Exercise requirements:
Give the line with "Simple ligne continue" again, along with every line below it to the end of the records, word for word.

Top of Records for this task

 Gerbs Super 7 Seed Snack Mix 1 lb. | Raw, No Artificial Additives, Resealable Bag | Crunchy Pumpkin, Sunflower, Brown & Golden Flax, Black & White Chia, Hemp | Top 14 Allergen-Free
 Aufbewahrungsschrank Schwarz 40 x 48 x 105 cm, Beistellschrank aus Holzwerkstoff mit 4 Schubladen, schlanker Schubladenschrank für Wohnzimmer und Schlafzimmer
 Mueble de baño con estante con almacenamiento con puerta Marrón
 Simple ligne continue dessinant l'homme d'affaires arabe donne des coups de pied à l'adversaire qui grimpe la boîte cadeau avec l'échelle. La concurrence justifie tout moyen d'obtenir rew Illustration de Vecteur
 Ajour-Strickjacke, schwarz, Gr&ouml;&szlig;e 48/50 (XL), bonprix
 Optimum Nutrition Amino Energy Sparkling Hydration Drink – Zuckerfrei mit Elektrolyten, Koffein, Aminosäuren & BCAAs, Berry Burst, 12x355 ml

Bottom of Records for this task

Reply to the task:
 Simple ligne continue dessinant l'homme d'affaires arabe donne des coups de pied à l'adversaire qui grimpe la boîte cadeau avec l'échelle. La concurrence justifie tout moyen d'obtenir rew Illustration de Vecteur
 Ajour-Strickjacke, schwarz, Gr&ouml;&szlig;e 48/50 (XL), bonprix
 Optimum Nutrition Amino Energy Sparkling Hydration Drink – Zuckerfrei mit Elektrolyten, Koffein, Aminosäuren & BCAAs, Berry Burst, 12x355 ml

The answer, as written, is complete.